2 — O trabalhador não pode ser prejudicado em virtude de se ter afastado do seu posto de trabalho ou de uma área perigosa em caso de perigo grave e iminente nem por ter adoptado medidas para a sua própria segurança ou para a segurança de outrem.
3 — As obrigações do trabalhador no domínio da segurança e saúde nos locais de trabalho não excluem as obrigações gerais da CMVM, tal como se encontram definidas no artigo 15.º.
4 — Constitui contra-ordenação muito grave a violação do disposto na alínea b) do n.º 1.
5 — Sem prejuízo do disposto no número anterior, o trabalhador que viole culposamente os deveres referidos no n.º 1 ou o trabalhador cuja conduta tiver contribuído para originar uma situação de perigo incorre em responsabilidade disciplinar e civil.
Secção II
Deveres administrativos
Artigo 4.º
Princípios da igualdade e da proporcionalidade
(Artigo 5.º do Código do Procedimento Administrativo[3])
1 – Nas suas relações com os particulares, os trabalhadores da CMVM devem reger-se pelo princípio da igualdade, não podendo privilegiar, beneficiar, prejudicar, privar de qualquer direito ou isentar de qualquer dever nenhum administrado em razão de ascendência, sexo, raça, língua, território de origem, religião, convicções políticas ou ideológicas, instrução, situação económica ou condição social.

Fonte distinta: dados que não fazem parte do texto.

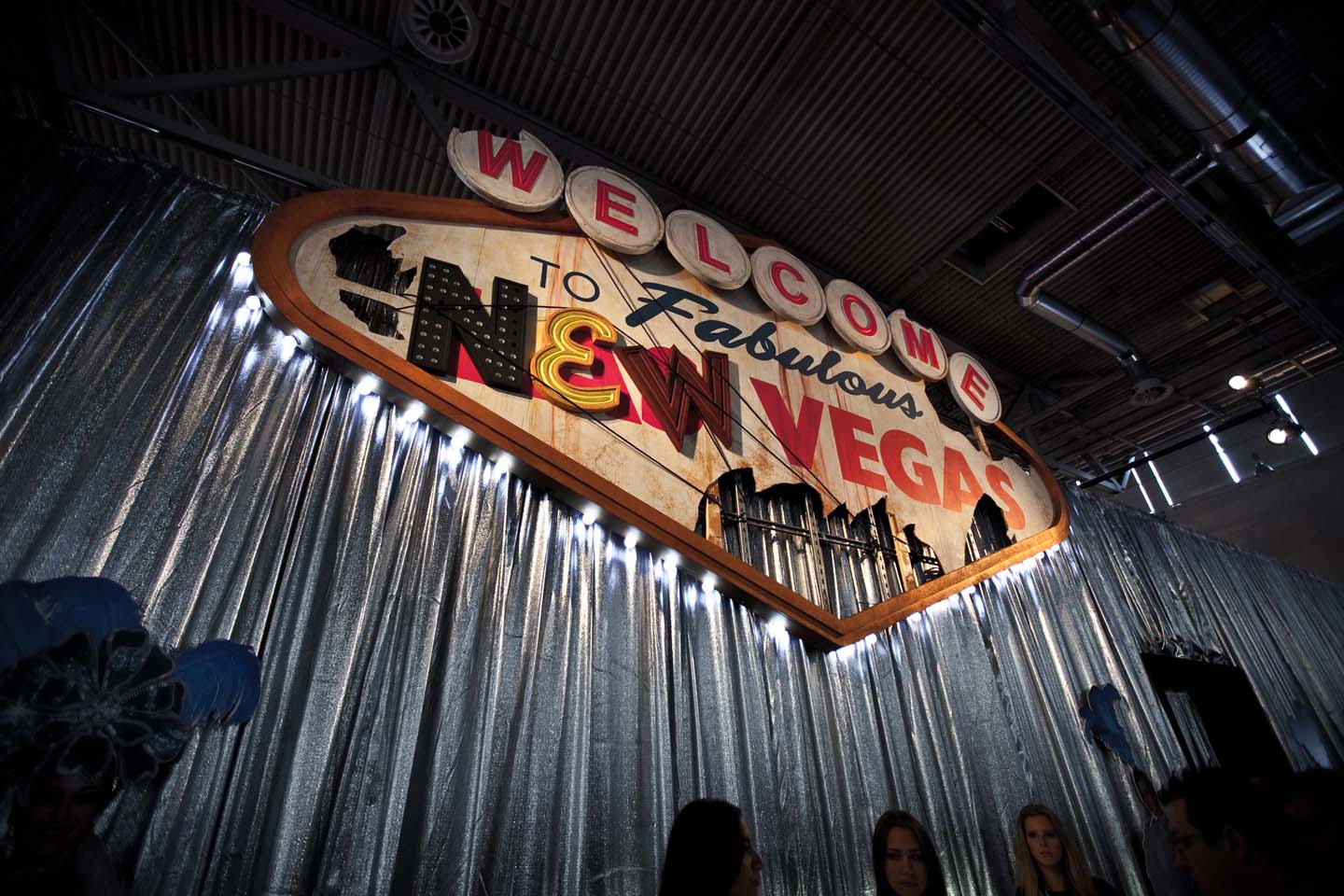 Nach Fallout 3 jetzt "New Vegas": Bethesdas Messestand wirkt auf den ersten Blick leicht benutzt. (Foto: Maximilian Knop)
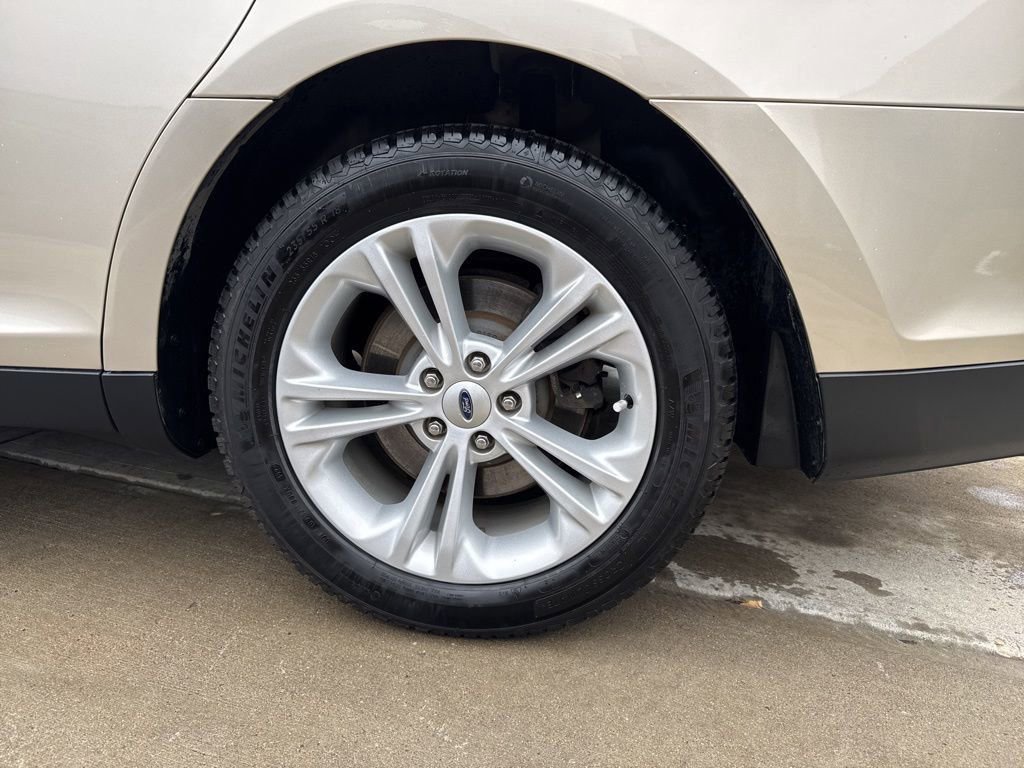 Certified 2018 Ford Taurus SE image 45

2 - As decisões dos trabalhadores da CMVM que colidam com direitos subjectivos ou interesses legalmente protegidos dos particulares só podem afectar essas posições em termos adequados e proporcionais aos objectivos a realizar.
Artigo 5.º
Princípios da justiça e da imparcialidade
(Artigo 6.º do Código do Procedimento Administrativo)
No exercício da sua actividade, os trabalhadores da CMVM devem tratar de forma justa e imparcial todos os que com ela entrem em relação.
Artigo 6.º
Princípio da boa fé
(Artigo 6.º-A do Código do Procedimento Administrativo)
1 - No exercício da actividade administrativa e em todas as suas formas e fases, os trabalhadores da CMVM devem agir e relacionar-se com os particulares segundo as regras da boa fé.
2 - No cumprimento do disposto no número anterior, devem ponderar-se os valores fundamentais do direito, relevantes em face das situações consideradas, e, em especial:
a) A confiança suscitada na contraparte pela actuação em causa;
b) O objectivo a alcançar com a actuação empreendida.
Artigo 7.º
Prestação imediata de serviços e dever de recibo
(Artigo 8.º do Decreto-lei n.º 135/99, de 22 de Abril, e Artigos 81.º e 82.º do Código do Procedimento Administrativo)
1 - Sempre que a natureza do serviço solicitado pelo cidadão o permita, a sua prestação deve ser efectuada no momento.
2 – Os interessados podem exigir recibo comprovativo da entrega dos documentos apresentados.
Artigo 8.º
Prioridades no atendimento
(Artigo 9.º do Decreto-lei n.º 135/99, de 22 de Abril)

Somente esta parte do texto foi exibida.